Required work: Once the line with "Beach Resort Standard" is found in the entries below, print it and each following line exactly, stopping after the line with "Hideaway Lodge Tangalle Exterior photo"; print nothing else.

Supplied records:
++++
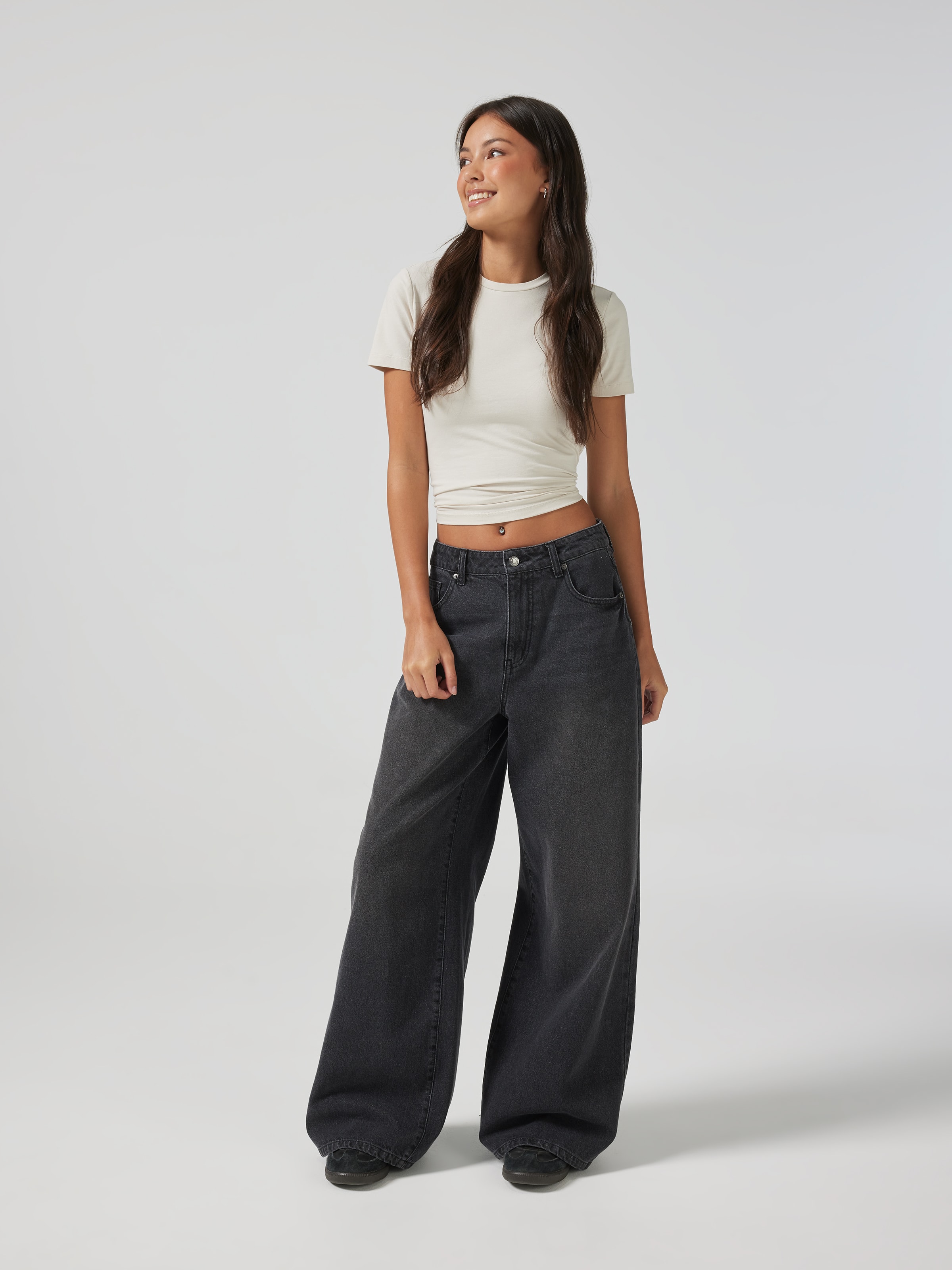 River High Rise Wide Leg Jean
++++
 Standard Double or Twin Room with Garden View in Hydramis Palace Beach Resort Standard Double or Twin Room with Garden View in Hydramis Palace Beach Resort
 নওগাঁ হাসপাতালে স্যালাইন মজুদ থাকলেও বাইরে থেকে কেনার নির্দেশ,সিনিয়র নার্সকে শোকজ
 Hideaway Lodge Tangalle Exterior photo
++++
Written solution:
 Standard Double or Twin Room with Garden View in Hydramis Palace Beach Resort Standard Double or Twin Room with Garden View in Hydramis Palace Beach Resort
 নওগাঁ হাসপাতালে স্যালাইন মজুদ থাকলেও বাইরে থেকে কেনার নির্দেশ,সিনিয়র নার্সকে শোকজ
 Hideaway Lodge Tangalle Exterior photo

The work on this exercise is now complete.